Bayes theorem

Thomas Bayes (1702-1761)

In probability theory Thomas Bayes is legendary for his theorem (known as Bayes theorem). which can be written thus:

Pr(x,y) = Pr(x│y) Pr(y) = Pr(y│x) Pr(x)

Pr(x) ≡ ∫dy Pr(x,y)
Pr(y) ≡ ∫dx Pr(x,y)

where Pr(x,y) is the joint probability of a pair of vectors x and y, Pr(x) and Pr(y) are marginal probabilities of the single vectors x or y (respectively), and Pr(x│y) and Pr(y│x) are conditional probabilities defined from the above as

Pr(x│y) ≡ Pr(x,y) / ∫dx Pr(x,y)
Pr(y│x) ≡ Pr(x,y) / ∫dy Pr(x,y)

These relationships can be intuitively explained using diagrams. Thus choose state spaces for x and y that each have 3 discrete states, so the total number of joint states is 9. Choose a 3 by 3 matrix of joint probabilities Pr(x,y), and from Pr(x,y) independently draw 150 samples of (x,y) at random.

Now represent each of these samples in the diagram below as a line joining one of the 3 bins on the left (the x-bins) to one of the 3 bins on the right (the y-bins). Vertically jiggle the positions of the end points of the lines so that they don't accidentally fall on top of each other. The number of lines (joining any pair of bins) in this diagram represents the corresponding element of the joint probability Pr(x,y), for each of the 9 (=3*3) possible pairs of bins.

Now display in the diagrams below the contributions that are anchored in each of the 6 (=3+3) possible bins. The number of lines (joining any pair of bins) represents the conditional probability Pr(y│x) (top row) and Pr(x│y) (bottom row). Note that the total number of lines in each diagram represents the corresponding marginal probability, i.e. Pr(x) (top row) and Pr(y) (bottom row).

These diagrams give a neat visual summary of the various probability quantities that are interrelated by Bayes theorem. They will provide neat ways of visualising various results that I will describe in future postings to this blog.

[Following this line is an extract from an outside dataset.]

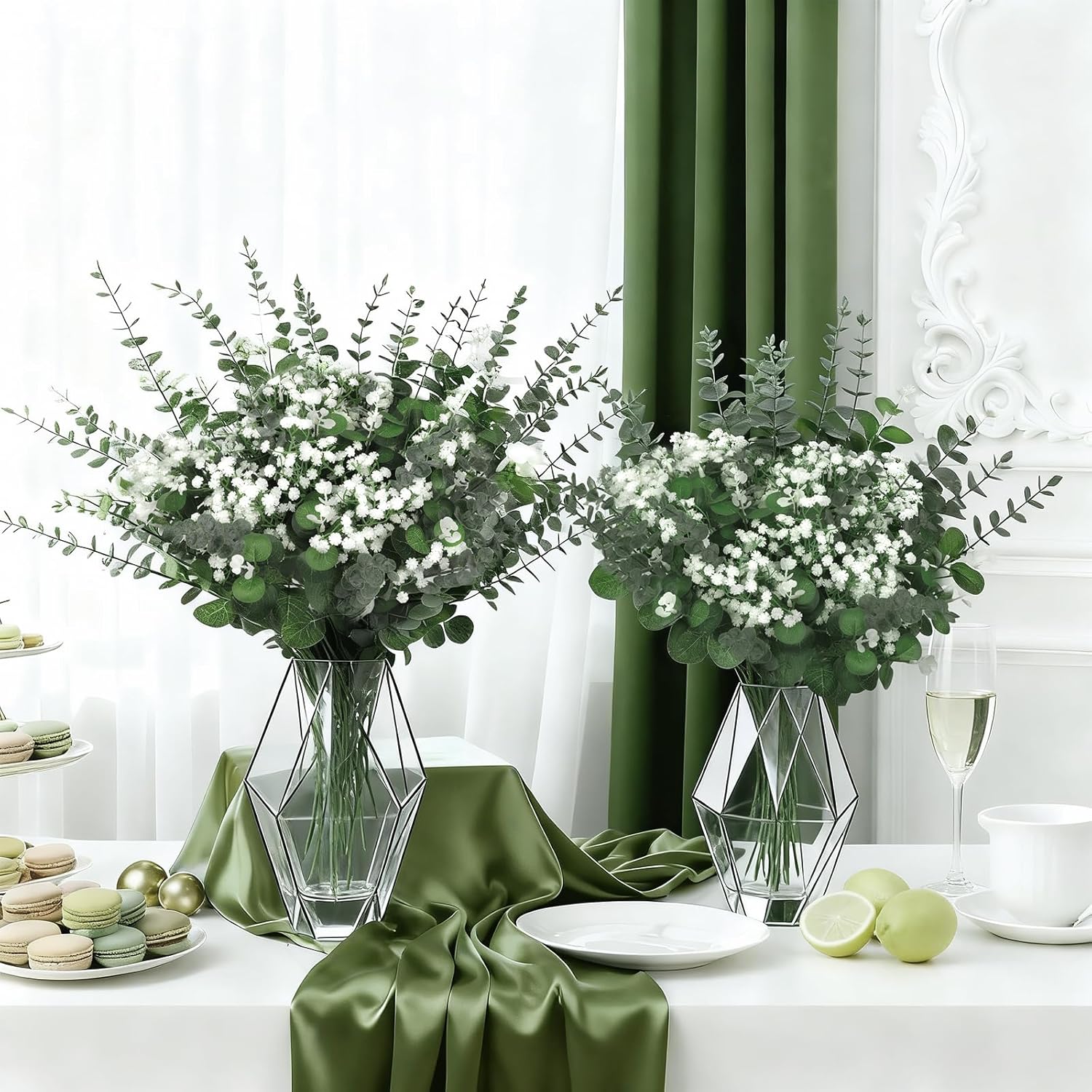Real Touch Babys Breath Artificial Flowers Bulk / Silver / Set of 110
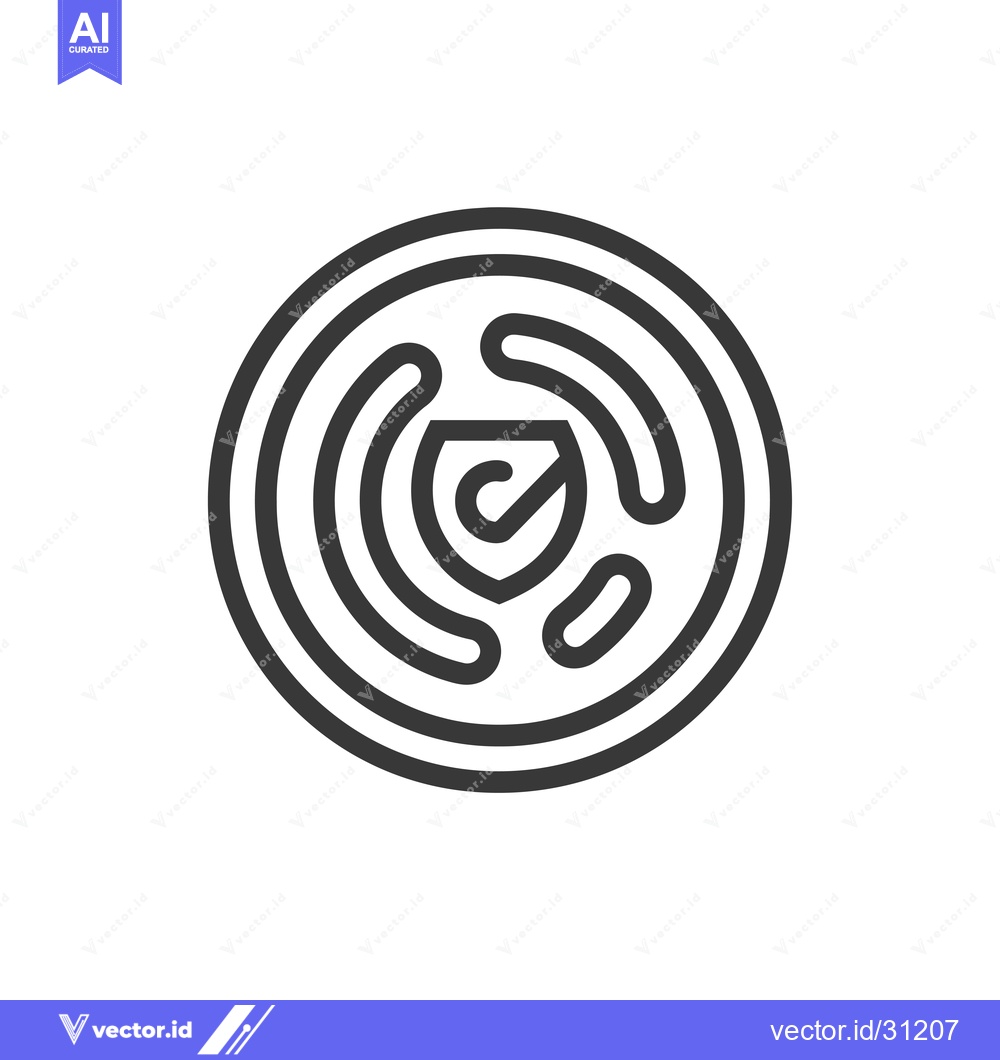 Premium Vector of Circular Logo Design with a Shield and Checkmark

Bayesian purists will object to the above diagrams because they rely on drawing a set of samples S from the joint probability P(x,y), and then using S as if it was actually the same object as P(x,y). Of course, they are different objects, but for the purposes of visualisation S is very useful. You can always "fill in the gaps" in your mind's eye.